And I know on location of your emergency?
Hi. Something is happening.
Something happens in our house. We don't know what.
What is the address of the emergency?
One one.
What is the rest of the address?
Oh, King's Road.
Okay. And is that a house or an apartment?
It's a house.
Can you repeat the address to make sure that I have it right?
I'll talk to you guys.
We're, um, we live at the lights over next to them.
I need someone to repeat the address for verification.
The address, 1122 King Road.
Why was there a deal?
How did Brian Koeberger escape the death penalty?
As late as last night, victims' family texting me, stating,
We're hearing he doesn't even believe in the death penalty.
Could that be true?
Do the constituents know that?
And also, one of the keystones of the deal, a deal for Coburger, wasn't a deal for the victims, was that he wouldn't appeal.
Listen.
It was our conclusion that straight up guilty pleas as charged, waiver of appeal for closure.

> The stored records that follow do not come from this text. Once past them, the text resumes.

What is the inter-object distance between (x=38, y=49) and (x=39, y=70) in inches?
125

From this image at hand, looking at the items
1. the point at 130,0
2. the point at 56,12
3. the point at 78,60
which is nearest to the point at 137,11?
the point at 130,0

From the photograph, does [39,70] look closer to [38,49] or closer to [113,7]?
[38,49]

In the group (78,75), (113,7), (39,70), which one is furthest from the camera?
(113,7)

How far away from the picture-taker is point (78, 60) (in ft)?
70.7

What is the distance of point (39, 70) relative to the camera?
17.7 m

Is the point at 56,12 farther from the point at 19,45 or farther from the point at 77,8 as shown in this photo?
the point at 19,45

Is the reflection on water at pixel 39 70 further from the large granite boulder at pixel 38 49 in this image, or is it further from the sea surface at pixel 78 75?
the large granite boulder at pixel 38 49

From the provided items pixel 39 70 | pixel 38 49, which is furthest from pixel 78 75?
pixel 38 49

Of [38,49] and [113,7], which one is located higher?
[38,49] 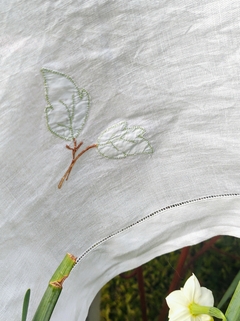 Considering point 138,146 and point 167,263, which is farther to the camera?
point 167,263

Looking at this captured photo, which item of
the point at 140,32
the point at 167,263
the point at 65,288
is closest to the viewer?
the point at 140,32

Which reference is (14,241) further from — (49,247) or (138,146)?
(138,146)

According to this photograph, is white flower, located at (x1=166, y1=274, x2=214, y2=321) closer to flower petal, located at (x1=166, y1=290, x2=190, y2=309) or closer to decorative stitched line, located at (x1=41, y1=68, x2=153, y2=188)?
flower petal, located at (x1=166, y1=290, x2=190, y2=309)

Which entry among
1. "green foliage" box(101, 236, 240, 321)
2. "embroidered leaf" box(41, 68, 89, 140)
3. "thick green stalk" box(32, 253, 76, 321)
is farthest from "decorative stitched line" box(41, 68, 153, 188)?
"green foliage" box(101, 236, 240, 321)

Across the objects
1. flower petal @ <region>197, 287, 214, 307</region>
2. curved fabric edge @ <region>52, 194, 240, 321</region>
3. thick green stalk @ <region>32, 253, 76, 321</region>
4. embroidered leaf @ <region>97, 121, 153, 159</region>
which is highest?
embroidered leaf @ <region>97, 121, 153, 159</region>

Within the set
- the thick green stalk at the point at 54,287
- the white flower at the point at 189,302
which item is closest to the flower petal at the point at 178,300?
the white flower at the point at 189,302

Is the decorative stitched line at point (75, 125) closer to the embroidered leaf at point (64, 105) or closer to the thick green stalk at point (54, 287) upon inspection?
the embroidered leaf at point (64, 105)

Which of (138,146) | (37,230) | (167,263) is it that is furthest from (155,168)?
(167,263)

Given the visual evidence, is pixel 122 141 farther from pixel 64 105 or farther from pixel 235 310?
pixel 235 310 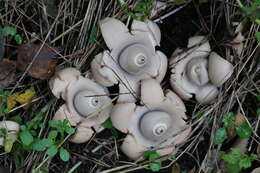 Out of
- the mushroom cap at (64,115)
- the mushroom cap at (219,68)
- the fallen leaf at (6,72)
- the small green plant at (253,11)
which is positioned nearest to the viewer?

So we have accountability and closure with fixed life sentences was the best course.
The best course.
You mean the easiest course for you?
That was the district attorney that did not take this case to trial to find out the truth.
We're getting the truth in little drips and dribbles like the fact that Koeberger may have been in the home stalking it before the murders inside the girls' homes.
How many times do you think you went in there?
Did he go through their underwear drawer?
Did he smell their perfume?
Did he sit on their bed and have fantasies?
You were just hearing the prosecutor on our friends show 48 hours.
But all that is a bill of goods.
He can appeal.
Listen.
When Brian Coburger took the plea deal that saved his life, he also agreed to not appeal the decision in the future, waiving his right to appeal.
However, defendants still have the right to post-conviction release.
even if they waive their right to appeal.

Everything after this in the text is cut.